Beamer places Paterno Award in storage

GREENSBORO, N.C. — A rather poignant moment occurred during a media interview session with Virginia Tech head football coach Frank Beamer at the 2012 ACC Football Kickoff.

When asked about his winning the inaugural Joe Paterno award in 2010 and whether or not he still had the trophy displayed in his office, he answered, “No, I have it in storage.”

When asked if he had removed it before or after the Penn State child sex abuse scandal, he replied, “I moved it last week after the report came out.”

When asked why he had removed it, he said, “I thought it was the proper thing to do.”

A long and reflective pause followed before another Virginia Tech football question was asked, breaking his somber trance and once again putting his focus back on track.

The exchange perhaps revealed a glimpse of Beamer’s regard for the innocent victims of the scandal; it is only speculation. But he took Paterno at his word when, in his retirement announcement, he said the scandal was “one of the great sorrows of my life” and “I wish I had done more.”

As for the punishment inflicted on the university, Beamer said: “The NCAA made a strong, gigantic statement today.”

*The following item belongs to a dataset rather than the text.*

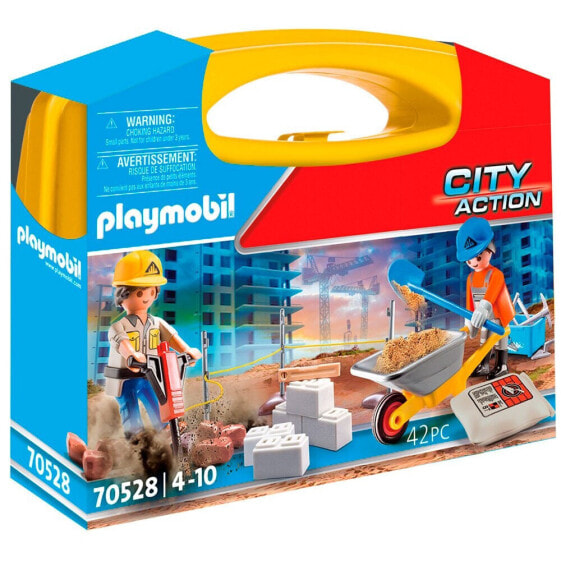 Конструктор для детей Playmobil Construction Case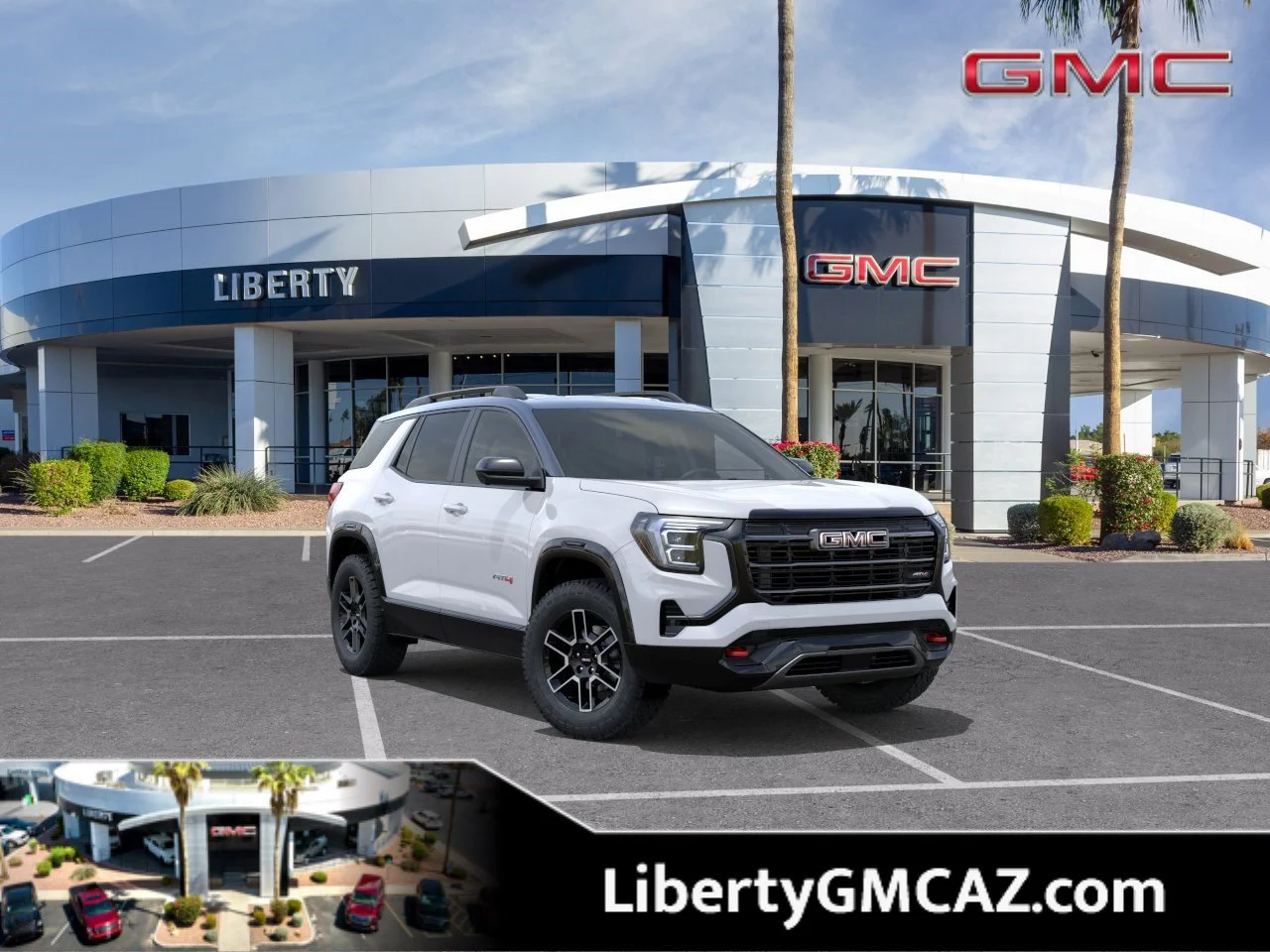 2026 GMC Terrain AT4 AWD's photo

Beamer does not yet know if any of the football players at Penn State, either current or incoming, will ultimately end up at Virginia Tech, but he knows that whatever happens will happen sooner rather than later.

“We recruited some of those guys, but I need to get back and talk with my staff a little bit,” he said. “I know things are going to happen quickly, so we’ll have to do things quickly. We’ll see.”

Something else that is approaching rather quickly is Virginia Tech’s season opener with Coastal Division rival Georgia Tech on Sept. 3. Serious preparations for that game will begin when fall camp opens on Aug. 6.

Beamer understands the good and bad of beginning your football season with a conference opponent, especially one from within your division.

“The good is you’re playing on national television. If you do well, it’s great for your program. Also, because you have something like that to look forward to, your pre-season practices go better,” Beamer said. “The bad is that ideally you like to play your non-conference games and get your team kind of set. For us this year we don’t yet know who our tailback will be, but we do know that we’ll probably be using a freshman punter. So this is one of those years where we could use some time to get our team set.”

Although it is likely that Virginia Tech will utilize more than one tailback this season, the front-runner for the starting spot is Michael Holmes, a redshirt freshman from Harrisonburg, Va.

During his redshirt season, Holmes earned Iron Hokie honors during spring strength and conditioning testing. In one spring scrimmage, he contributed eight carries for 89 yards that included a 60-yard touchdown run. He added two short touchdown runs in another scrimmage and won the Paul Torgersen Award as the top offensive newcomer of spring practice.

In high school, Holmes was named the state Group AA Offensive Player of the Year as a junior and senior by the Associated Press. He rushed for 2,877 yards on 372 carries (7.7 yards-per-carry) and, as a senior, scored 41 touchdowns. Beamer believes Holmes high school success will translate into college success.

“I think he has a chance to be very good. When guys have done it in high school, they’re used to carrying the ball, used to not fumbling, so that usually carries over. I feel like he will be okay, he just hasn’t done it yet. That’s how I felt about Logan Thomas last year,” said Beamer. “I’m also excited about Trey Edmunds, J.C. Coleman, Tony Gregory, if he comes back from his knee injury, and Chris Mangus. We need to narrow it down to how many we’re going to work with and how many plays each of them will get.”

There are other positions where youth and inexperience may rear its sometimes ugly head, like at punter, the offensive line where Tech lost four players who started every game over the past two seasons, and back-ups in the defensive secondary where freshmen will likely fill those spots.

In light of these issues, when the Yellow Jackets swarm Lane Stadium, will Virginia Tech be ready? Beamer is optimistic that they will be.

“I think Georgia Tech is going to be good. We have a team that can be good, but we’re not there yet. We have some work to do.”